Task goal: Copy out, from the entries below, each line holding the string "Pointe".

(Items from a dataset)
::::

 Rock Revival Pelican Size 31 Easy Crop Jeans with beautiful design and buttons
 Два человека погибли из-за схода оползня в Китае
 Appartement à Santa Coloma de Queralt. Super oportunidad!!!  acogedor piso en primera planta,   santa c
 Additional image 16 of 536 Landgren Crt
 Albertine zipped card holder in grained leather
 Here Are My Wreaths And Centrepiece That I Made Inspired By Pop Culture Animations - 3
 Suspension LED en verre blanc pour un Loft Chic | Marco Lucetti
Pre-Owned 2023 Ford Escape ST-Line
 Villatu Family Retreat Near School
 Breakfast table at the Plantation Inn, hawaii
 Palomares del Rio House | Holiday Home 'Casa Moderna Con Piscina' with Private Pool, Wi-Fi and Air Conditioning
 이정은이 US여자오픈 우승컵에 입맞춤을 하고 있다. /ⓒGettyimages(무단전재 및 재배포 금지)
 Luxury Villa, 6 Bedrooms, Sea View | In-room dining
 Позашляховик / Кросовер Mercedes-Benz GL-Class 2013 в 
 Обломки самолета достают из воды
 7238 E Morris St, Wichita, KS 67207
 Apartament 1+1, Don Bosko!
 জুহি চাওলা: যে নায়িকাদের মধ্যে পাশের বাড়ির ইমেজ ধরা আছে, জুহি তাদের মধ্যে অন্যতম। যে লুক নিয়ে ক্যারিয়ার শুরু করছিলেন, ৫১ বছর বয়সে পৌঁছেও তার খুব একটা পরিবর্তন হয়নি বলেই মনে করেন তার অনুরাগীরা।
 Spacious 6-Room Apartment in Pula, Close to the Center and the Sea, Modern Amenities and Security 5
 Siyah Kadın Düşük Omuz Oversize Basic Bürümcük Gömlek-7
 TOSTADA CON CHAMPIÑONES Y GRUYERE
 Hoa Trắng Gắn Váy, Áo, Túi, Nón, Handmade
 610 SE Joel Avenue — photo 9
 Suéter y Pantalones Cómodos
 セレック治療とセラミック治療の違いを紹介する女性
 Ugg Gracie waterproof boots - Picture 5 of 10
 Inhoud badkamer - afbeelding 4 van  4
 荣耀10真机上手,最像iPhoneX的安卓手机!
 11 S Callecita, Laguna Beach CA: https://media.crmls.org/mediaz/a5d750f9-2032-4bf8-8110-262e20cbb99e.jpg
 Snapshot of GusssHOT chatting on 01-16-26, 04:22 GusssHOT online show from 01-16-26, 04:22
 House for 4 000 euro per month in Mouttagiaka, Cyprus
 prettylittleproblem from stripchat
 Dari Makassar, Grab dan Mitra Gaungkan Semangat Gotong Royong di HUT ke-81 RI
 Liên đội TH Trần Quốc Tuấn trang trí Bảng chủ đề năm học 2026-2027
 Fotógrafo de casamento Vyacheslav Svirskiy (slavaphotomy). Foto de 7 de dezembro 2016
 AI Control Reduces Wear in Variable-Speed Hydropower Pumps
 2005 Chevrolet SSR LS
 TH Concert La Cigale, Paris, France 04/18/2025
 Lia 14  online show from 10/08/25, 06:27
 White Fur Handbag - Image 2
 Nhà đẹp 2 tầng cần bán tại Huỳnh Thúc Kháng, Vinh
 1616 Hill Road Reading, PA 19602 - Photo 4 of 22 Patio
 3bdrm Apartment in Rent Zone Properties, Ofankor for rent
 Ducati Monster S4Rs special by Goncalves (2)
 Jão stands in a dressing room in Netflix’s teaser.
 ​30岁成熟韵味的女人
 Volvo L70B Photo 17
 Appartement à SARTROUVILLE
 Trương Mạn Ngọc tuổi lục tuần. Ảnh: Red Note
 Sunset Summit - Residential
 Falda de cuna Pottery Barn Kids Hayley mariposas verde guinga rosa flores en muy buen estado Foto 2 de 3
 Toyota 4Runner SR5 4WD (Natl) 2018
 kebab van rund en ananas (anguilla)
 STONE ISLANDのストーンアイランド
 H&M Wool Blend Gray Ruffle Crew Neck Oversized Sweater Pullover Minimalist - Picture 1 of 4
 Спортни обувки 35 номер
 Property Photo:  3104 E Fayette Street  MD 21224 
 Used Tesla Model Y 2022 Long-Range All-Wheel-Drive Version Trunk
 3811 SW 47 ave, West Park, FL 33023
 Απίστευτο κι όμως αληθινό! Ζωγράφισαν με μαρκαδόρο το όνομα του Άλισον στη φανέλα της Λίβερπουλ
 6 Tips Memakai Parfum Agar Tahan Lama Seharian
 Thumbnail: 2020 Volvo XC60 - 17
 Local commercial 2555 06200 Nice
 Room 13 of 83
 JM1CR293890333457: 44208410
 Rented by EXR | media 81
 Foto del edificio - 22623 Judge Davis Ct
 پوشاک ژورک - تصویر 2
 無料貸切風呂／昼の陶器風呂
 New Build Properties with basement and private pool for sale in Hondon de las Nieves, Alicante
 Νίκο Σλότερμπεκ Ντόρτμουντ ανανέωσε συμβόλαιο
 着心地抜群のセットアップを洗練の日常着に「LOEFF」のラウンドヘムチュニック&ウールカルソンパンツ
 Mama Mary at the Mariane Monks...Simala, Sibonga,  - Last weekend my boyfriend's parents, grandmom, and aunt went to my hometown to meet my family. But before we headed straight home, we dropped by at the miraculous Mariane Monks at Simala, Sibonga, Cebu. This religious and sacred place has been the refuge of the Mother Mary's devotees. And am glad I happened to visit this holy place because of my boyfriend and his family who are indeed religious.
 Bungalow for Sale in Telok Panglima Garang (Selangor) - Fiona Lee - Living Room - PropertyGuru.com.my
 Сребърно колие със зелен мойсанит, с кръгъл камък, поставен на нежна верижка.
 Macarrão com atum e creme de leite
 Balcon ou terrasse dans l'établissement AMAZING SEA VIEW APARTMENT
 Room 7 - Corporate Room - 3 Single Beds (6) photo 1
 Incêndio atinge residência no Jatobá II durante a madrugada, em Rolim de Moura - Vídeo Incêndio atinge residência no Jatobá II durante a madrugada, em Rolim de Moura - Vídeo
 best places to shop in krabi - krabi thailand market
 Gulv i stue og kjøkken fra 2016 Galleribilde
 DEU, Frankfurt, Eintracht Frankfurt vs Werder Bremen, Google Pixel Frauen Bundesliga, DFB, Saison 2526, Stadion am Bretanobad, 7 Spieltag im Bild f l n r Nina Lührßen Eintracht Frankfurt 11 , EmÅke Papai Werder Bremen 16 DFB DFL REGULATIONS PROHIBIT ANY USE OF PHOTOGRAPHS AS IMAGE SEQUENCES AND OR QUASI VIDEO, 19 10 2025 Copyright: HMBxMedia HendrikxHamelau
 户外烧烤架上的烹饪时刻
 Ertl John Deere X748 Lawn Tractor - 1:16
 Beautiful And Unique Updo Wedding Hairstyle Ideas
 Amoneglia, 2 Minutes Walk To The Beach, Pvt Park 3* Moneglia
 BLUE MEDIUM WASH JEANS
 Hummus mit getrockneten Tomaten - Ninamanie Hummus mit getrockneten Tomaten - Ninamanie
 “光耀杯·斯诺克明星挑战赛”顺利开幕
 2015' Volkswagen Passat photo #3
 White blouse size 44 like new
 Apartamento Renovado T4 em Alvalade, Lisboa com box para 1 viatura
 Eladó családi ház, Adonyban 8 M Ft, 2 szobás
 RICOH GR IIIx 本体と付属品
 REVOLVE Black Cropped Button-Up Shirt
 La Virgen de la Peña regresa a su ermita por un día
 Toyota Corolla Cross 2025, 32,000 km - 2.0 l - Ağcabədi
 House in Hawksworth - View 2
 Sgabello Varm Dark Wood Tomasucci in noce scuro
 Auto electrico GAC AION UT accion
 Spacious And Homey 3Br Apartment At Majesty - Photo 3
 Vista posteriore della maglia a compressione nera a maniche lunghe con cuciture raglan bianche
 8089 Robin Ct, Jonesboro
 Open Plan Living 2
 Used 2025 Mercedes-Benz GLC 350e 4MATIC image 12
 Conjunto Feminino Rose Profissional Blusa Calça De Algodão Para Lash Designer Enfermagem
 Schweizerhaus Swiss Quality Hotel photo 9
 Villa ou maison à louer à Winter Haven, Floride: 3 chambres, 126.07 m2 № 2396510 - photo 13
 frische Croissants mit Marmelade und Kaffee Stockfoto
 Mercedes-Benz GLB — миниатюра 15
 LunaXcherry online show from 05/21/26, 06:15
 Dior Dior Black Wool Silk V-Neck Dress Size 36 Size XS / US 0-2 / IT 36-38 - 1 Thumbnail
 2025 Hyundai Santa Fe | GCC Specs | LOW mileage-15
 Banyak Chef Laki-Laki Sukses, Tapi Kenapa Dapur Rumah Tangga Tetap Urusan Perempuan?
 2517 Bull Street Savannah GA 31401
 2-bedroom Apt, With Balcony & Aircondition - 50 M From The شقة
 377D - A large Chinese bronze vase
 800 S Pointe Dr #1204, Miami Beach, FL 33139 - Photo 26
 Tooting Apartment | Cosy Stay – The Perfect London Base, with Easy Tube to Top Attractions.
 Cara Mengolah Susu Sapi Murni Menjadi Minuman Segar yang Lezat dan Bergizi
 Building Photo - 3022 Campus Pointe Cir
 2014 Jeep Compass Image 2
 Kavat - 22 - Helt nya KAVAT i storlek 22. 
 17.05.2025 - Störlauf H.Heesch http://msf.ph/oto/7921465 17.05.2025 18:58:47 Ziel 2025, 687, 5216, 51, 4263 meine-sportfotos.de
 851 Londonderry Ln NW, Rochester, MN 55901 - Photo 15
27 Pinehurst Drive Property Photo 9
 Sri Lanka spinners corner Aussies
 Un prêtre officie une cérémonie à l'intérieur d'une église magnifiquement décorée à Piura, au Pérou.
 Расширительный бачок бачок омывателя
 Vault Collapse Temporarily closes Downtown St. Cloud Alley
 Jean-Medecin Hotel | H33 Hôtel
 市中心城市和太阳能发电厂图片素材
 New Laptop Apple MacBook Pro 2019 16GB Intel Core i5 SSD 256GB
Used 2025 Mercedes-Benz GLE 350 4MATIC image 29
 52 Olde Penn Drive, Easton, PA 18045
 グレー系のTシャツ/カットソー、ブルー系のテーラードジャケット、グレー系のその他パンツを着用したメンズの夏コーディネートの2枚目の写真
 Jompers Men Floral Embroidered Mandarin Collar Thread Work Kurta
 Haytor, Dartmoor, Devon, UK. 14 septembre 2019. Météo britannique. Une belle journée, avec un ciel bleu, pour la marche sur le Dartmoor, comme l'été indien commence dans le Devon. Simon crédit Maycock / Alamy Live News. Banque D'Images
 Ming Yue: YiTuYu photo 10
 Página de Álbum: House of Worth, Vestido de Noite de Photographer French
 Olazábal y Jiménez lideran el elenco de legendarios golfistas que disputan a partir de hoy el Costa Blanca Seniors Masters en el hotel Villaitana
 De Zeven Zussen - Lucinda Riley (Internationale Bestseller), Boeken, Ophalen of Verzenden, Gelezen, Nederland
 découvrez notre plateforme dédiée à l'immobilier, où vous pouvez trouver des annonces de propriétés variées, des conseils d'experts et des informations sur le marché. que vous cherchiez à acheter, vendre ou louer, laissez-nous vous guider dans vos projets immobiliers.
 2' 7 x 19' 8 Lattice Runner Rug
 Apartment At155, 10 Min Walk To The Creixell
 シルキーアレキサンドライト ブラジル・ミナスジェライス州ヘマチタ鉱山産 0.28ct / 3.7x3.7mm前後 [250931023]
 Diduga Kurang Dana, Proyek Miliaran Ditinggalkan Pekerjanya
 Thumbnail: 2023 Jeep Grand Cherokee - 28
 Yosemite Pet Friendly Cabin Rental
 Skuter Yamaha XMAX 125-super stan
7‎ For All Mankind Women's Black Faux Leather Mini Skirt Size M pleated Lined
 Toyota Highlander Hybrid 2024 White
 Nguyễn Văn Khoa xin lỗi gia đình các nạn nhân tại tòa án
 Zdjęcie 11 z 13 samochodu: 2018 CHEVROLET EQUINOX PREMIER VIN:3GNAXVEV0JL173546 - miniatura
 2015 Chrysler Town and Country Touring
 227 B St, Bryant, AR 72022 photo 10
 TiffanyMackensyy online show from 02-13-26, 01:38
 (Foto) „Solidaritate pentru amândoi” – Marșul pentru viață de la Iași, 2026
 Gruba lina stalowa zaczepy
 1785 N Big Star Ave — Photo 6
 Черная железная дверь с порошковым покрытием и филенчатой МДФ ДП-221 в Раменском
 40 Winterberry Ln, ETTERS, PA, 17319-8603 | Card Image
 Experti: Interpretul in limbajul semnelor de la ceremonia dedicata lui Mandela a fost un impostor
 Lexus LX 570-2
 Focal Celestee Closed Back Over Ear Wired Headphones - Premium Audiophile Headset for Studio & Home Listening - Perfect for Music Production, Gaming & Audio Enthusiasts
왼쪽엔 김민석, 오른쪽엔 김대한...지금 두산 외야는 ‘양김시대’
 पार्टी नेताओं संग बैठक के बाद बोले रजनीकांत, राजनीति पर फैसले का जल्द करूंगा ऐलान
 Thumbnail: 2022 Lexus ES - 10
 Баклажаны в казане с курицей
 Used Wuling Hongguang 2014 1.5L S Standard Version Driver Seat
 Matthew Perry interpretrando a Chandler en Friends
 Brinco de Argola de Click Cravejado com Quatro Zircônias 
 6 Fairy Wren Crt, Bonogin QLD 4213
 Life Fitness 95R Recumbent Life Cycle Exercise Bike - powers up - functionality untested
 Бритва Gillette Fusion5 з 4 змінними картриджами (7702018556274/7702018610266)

::::

Answer to the problem:
 800 S Pointe Dr #1204, Miami Beach, FL 33139 - Photo 26
 Building Photo - 3022 Campus Pointe Cir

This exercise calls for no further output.